| THE TASK |
Please repeat exactly the lines from the one containing "Берия одобряет. В" through the last line of the records, both included, and nothing else, leaving out any pictures.

[Scraped caption text data]
........
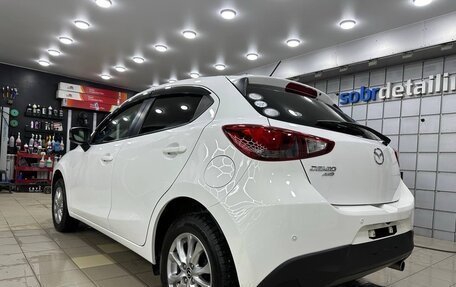 Mazda Demio IV, 2016 год, 1 220 000 рублей, 3 фотография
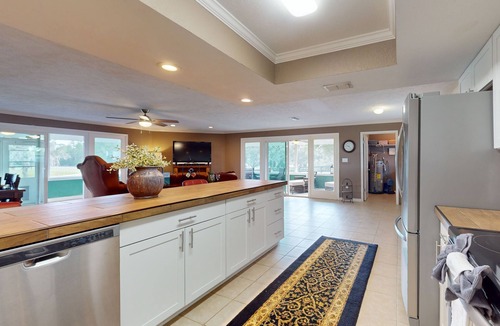 Micanopy House | Luxury duplex with private screened porch and lake view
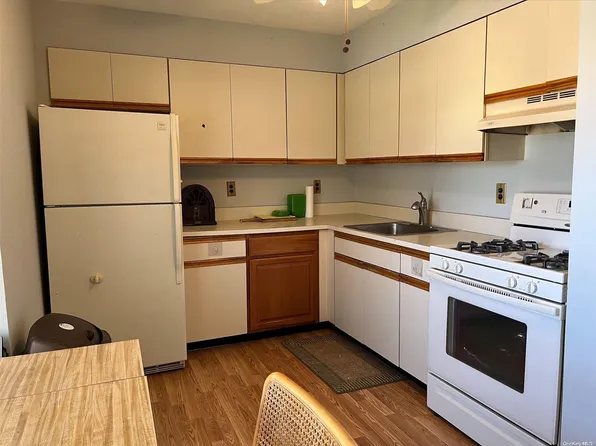 2 Cypress Court #2, Selden, NY 11784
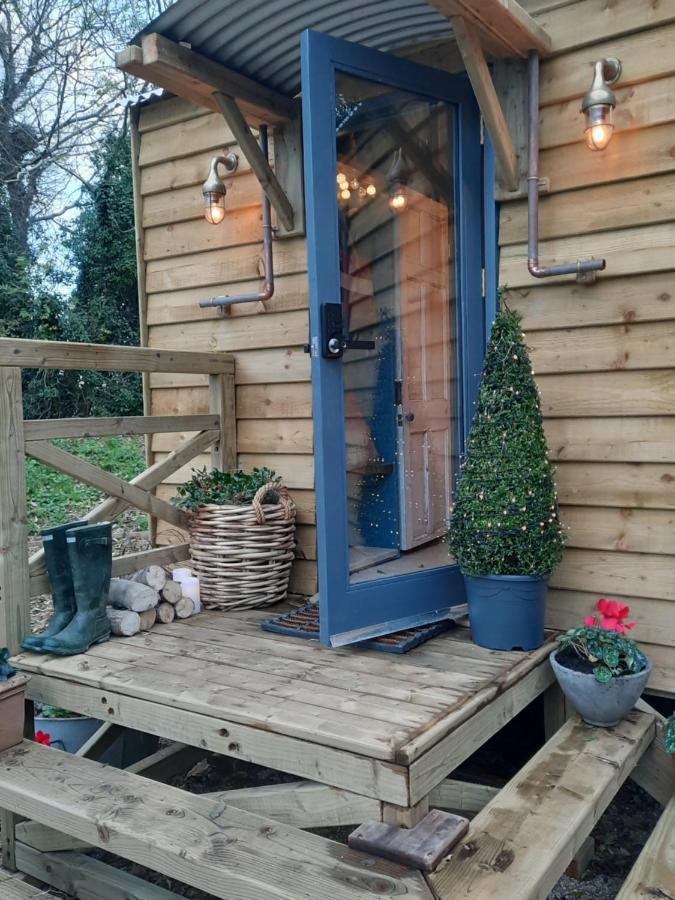 Cosy Double Shepherds Hut In Beautiful Wicklow With Underfloor Heating Throughout Rathnew Kültér fotó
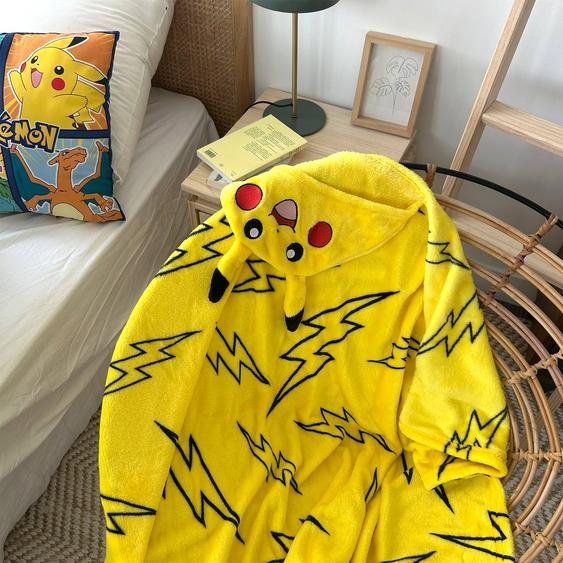 Cape Plaid Imprimée 100% Polyester, Pokémon Éclair Jaune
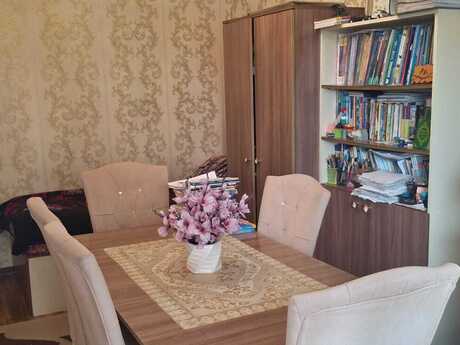 Продаётся 3-комнатная квартира в старом фонде, Bakıxanov, 81 м², 188 000 AZN, фото 4 / 8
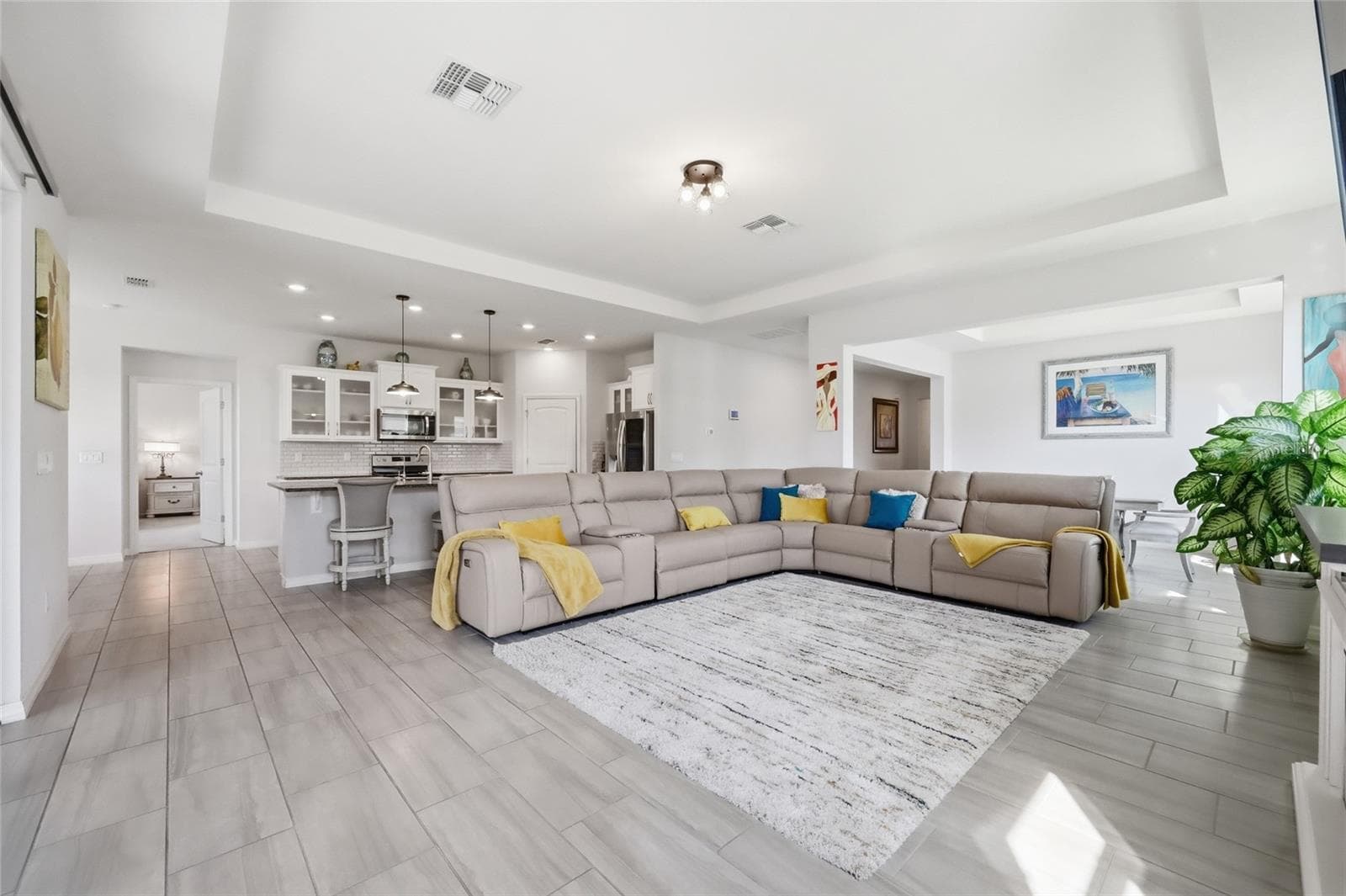 Living Room - 468 HALTER DR, APOPKA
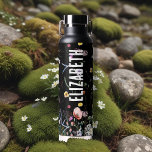 Bouteille D'eau Jardin fleur sauvage<br><div class="desc">Des fleurs sauvages d'aquarelle recouvrent cette bouteille d'eau personnalisée avec votre nom imprimé verticalement en lettres chic des deux côtés.</div>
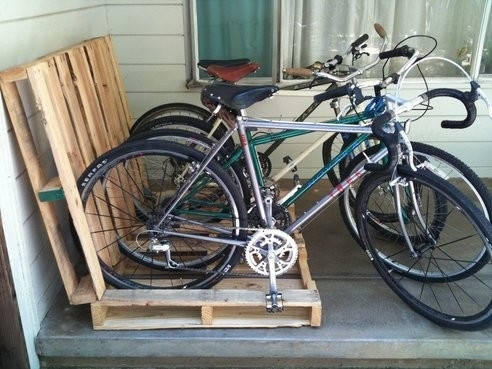 Make a Bike Rack out of Wooden Pallets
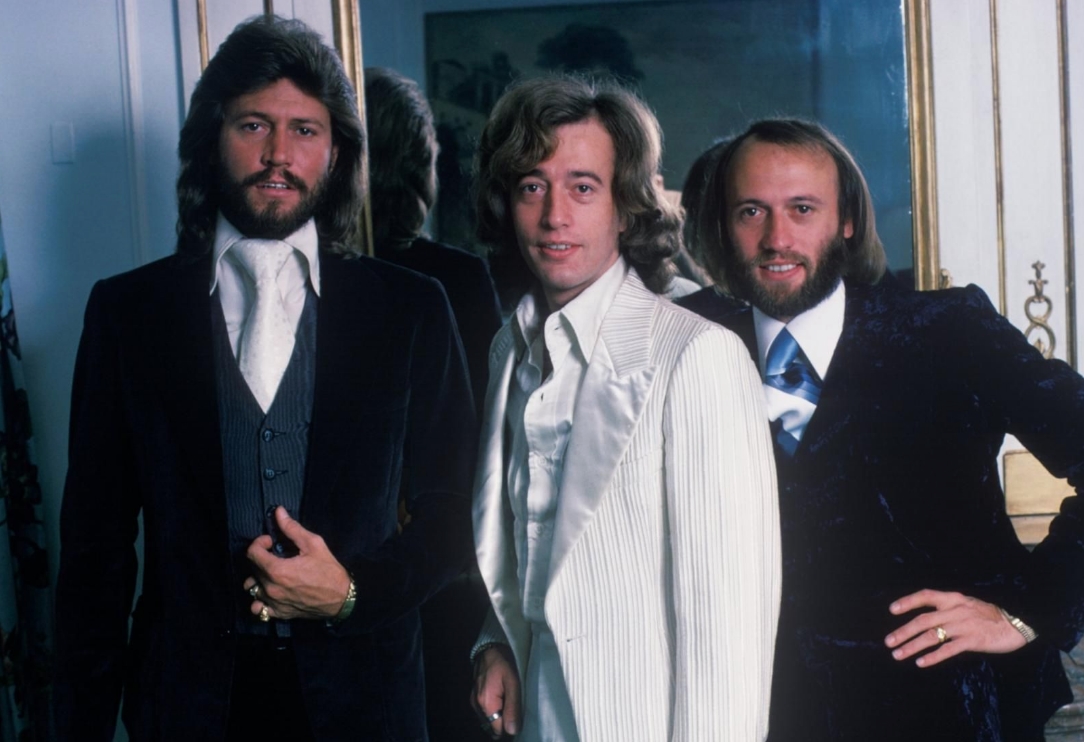 Bee Gees – For Whom the Bell Tolls (1993)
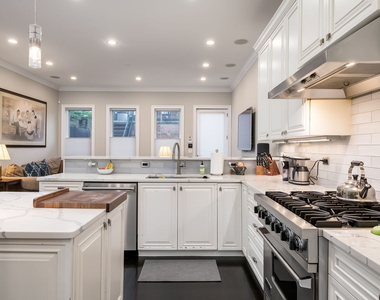 1633 N Wolcott Avenue - Photo Thumbnail 10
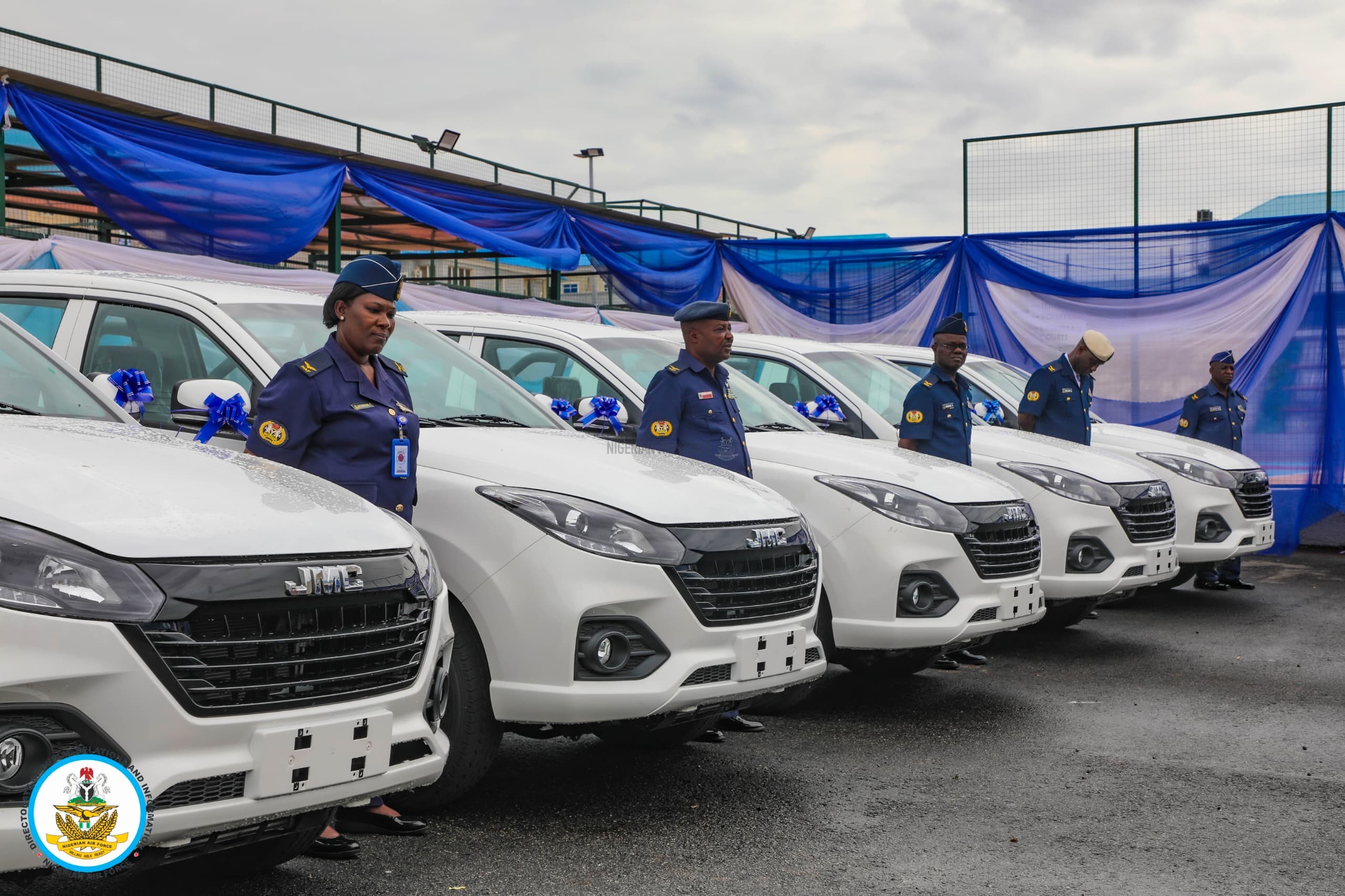 PERSONNEL WELFARE: CAS PRESENTS NEW VEHICLES TO AIR WARRANT OFFICERS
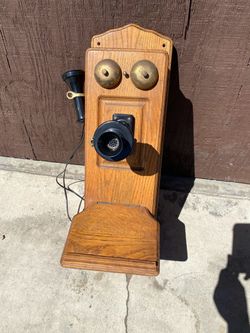 Antique Oak Wood Wall Crank Telephone 1920’s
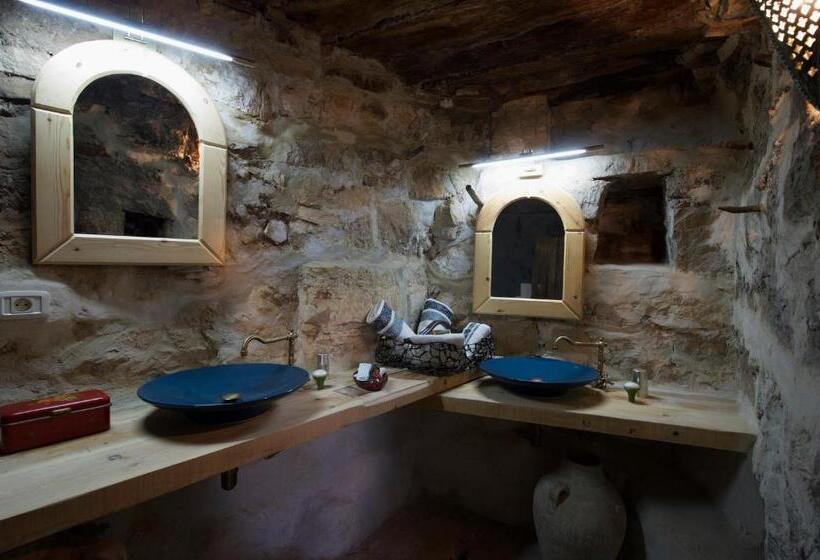 غرفة قياسية, Auberge De Tamezret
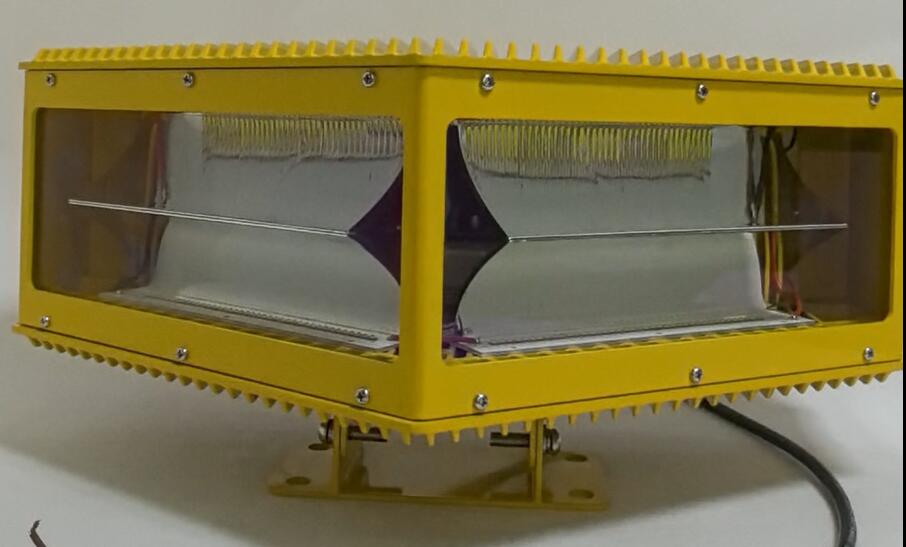 aviation lamp for chimney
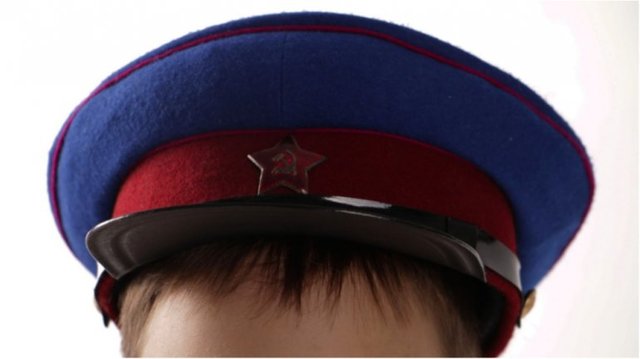 Берия одобряет. В России продают детскую форму НКВД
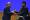 صامويل جاكسون متسلماً الجائزة من دينزل واشنطن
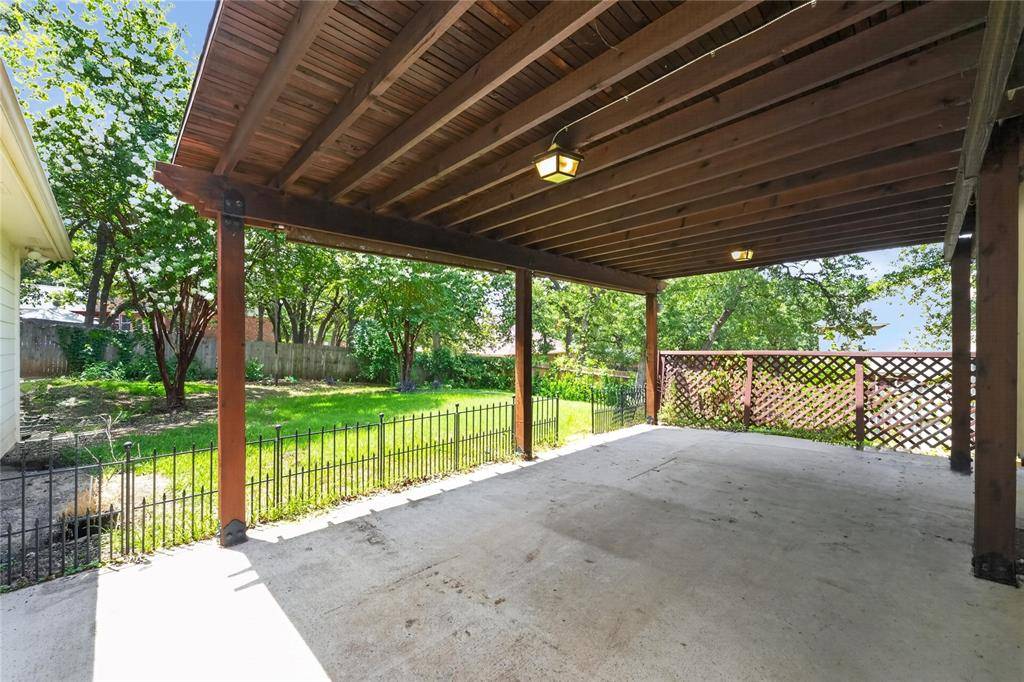 720 Big Horn Trail, Crowley, TX 76036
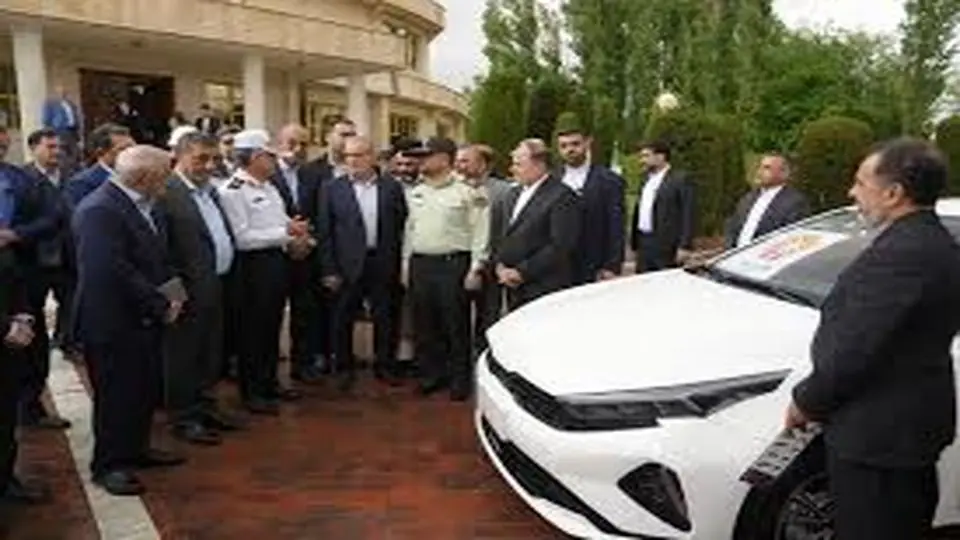 شمارهگذاری نخستین خودروی وارداتی از منطقه آزاد تجاری – صنعتی قصرشیرین
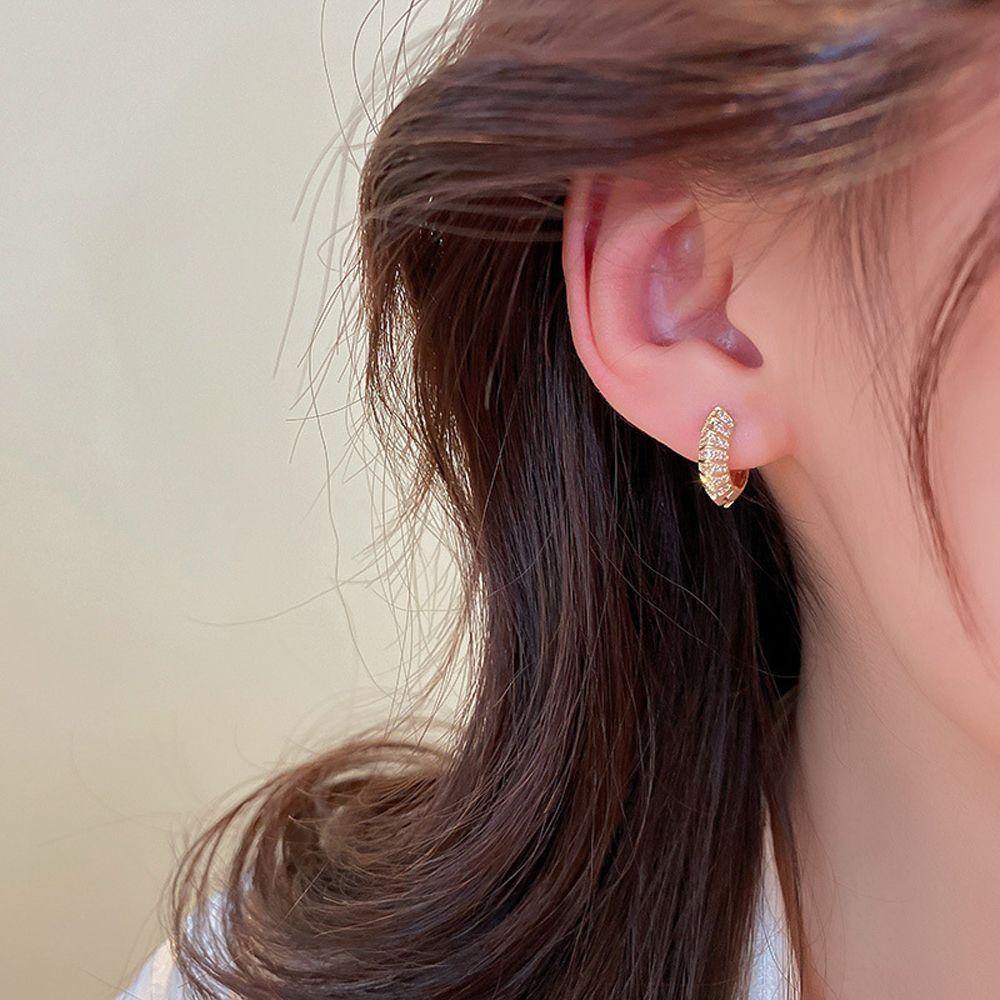 Mxbeauty Anting Hoop Kristal Kepribadian Harian Pesta Desain Fashion Warna Solid Berlian Imitasi Korea Ear Buckle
........
| EXPECTED ANSWER |
 Берия одобряет. В России продают детскую форму НКВД
 صامويل جاكسون متسلماً الجائزة من دينزل واشنطن
 720 Big Horn Trail, Crowley, TX 76036
 شمارهگذاری نخستین خودروی وارداتی از منطقه آزاد تجاری – صنعتی قصرشیرین
 Mxbeauty Anting Hoop Kristal Kepribadian Harian Pesta Desain Fashion Warna Solid Berlian Imitasi Korea Ear Buckle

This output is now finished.